Siting new commercial wind energy installations is no easy feat.

In addition to the topographical and infrastructure needs that have to be taken into consideration, public opposition is often significant.

Turbines are large and highly visible. People express concerns over potential public safety, noise, and environmental impacts. Communities worry about the effect on local property values.

But at least on that last point – property values – the concerns may be more nuanced, according to research recently published in the journal Energy Research & Social Science.

The study – co-authored by Eric Brunner, a professor of economics and policy with the UConn School of Public Policy – found that contrary to public narratives that emphasize the negative impact of wind energy installations on property values, communities actually tend to experience a surprising and meaningful 3% increase in property values overall once a wind energy installation becomes operational.

Brunner – along with colleagues Ben Hoen from the Lawrence Berkeley National Laboratory and David Schwegman from American University – has been examining the community acceptance of renewable energy for several years.

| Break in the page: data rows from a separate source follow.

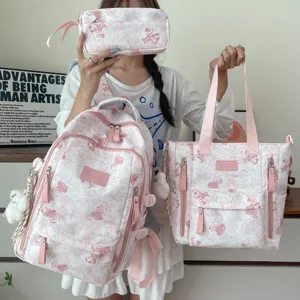 Korean style pink print school backpack set with multi-compartment design for students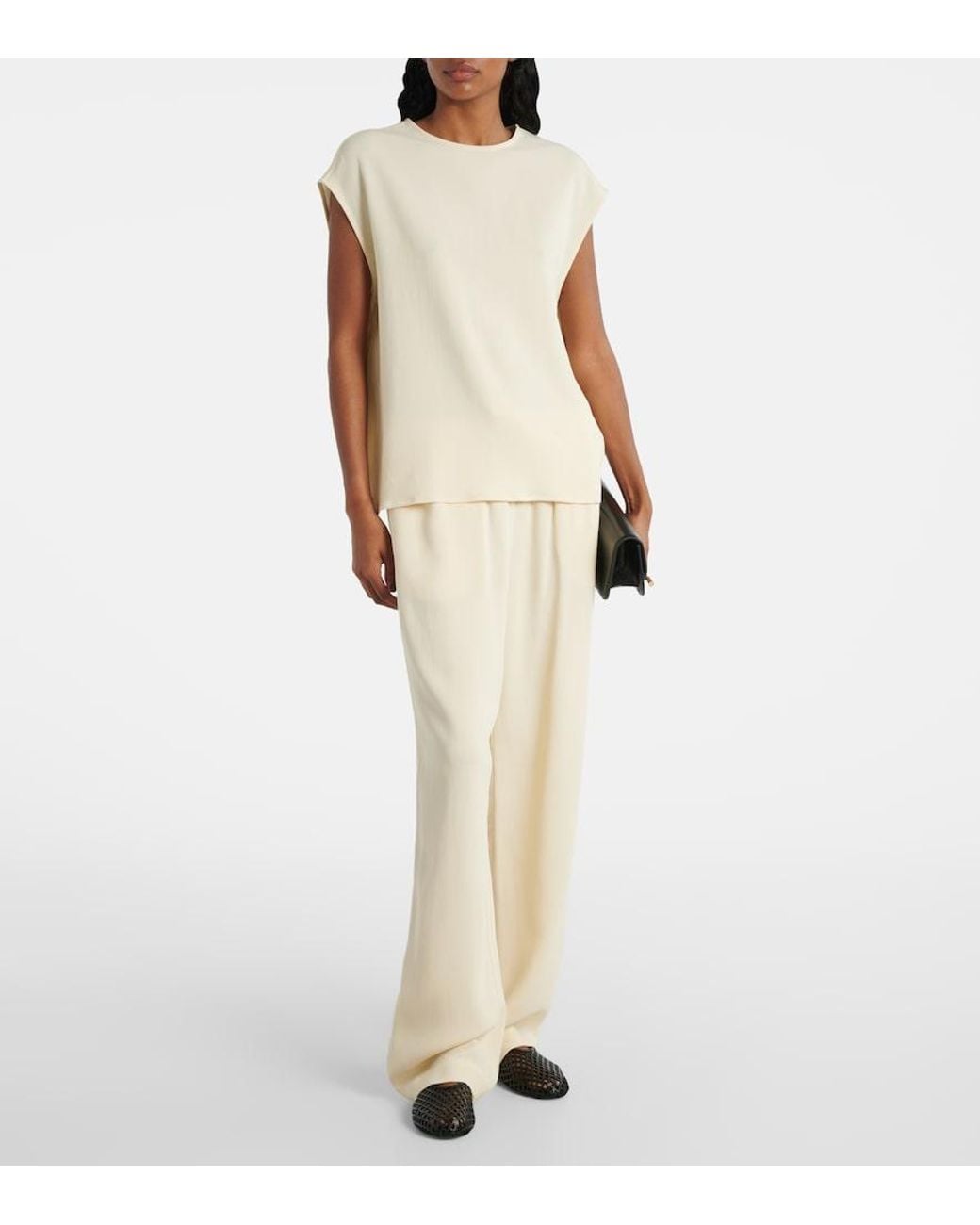 Asceno Natural Aurelia Wide-Leg Pants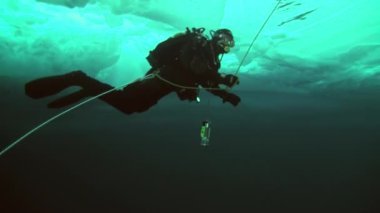 Arctic coğrafi Kuzey Kutbu'ndaki tüplü dalış.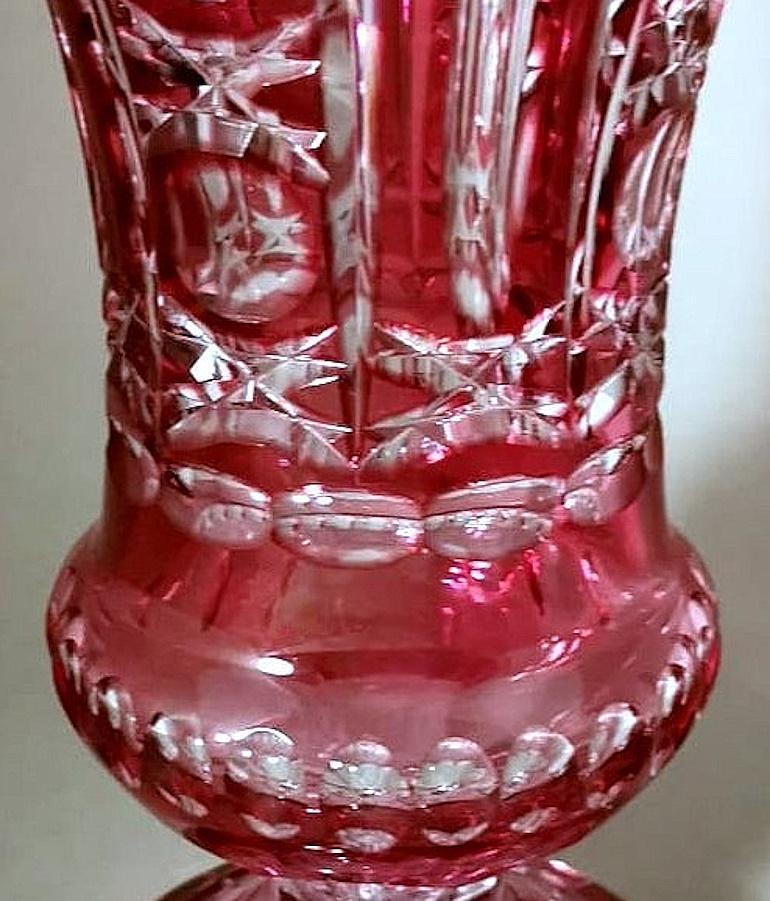 Biedermeier Style Bohemia Cut And Ground Red Crystal Vase For Sale 4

They’ve published extensively on various aspects of the topic.

Prior research, explains Brunner, has shown that when a new wind energy installation is announced, home values within about a half-mile to a mile away typically experience a decline of between five and 10%, according to studies looking at impact in Europe, and the decline is experienced often before construction even begins.

“Yes, indeed, if you’re right next to one of these wind turbines, you see a decline in housing values that starts during the construction phase, even earlier,” Brunner acknowledges. “It starts as soon as the announcement comes out, and they stay lower for quite some time.

“But interestingly, once the installation goes operational, we saw that housing prices started to recover.”

With commercial wind installations comes the potential for a flood of revenue to local communities that could be used to improve services, lower tax rates, and invest in things like public education, infrastructure, and other community needs.

“And that should have the opposite effect on housing values,” Brunner says. “That should actually lead people to want to move into these communities, maybe not within half a mile of the wind turbine, but communities are quite large, right? And so, we decided to test that.”

For their latest study, Brunner and his co-authors turned to local school district data to analyze what was happening in communities before a wind installation came to town, what happened after the installation became operational, and how that compared to school districts within the same county that did not have a wind energy installation.

Their focus on school district data was deliberate.

“School districts are just about the smallest independent government with taxing authority in the United States,” Brunner says. “There’s typically 10 or 15 in every county. Their small geographical size means we would think we might be able to find measurable impacts on government revenues.”

School districts also have “the best finance data,” Brunner explains.

“It is collected annually for every single school district in the United States, whereas for other jurisdictions like towns and villages and cities, it’s collected every five years, and it’s in a much smaller subsample every year.”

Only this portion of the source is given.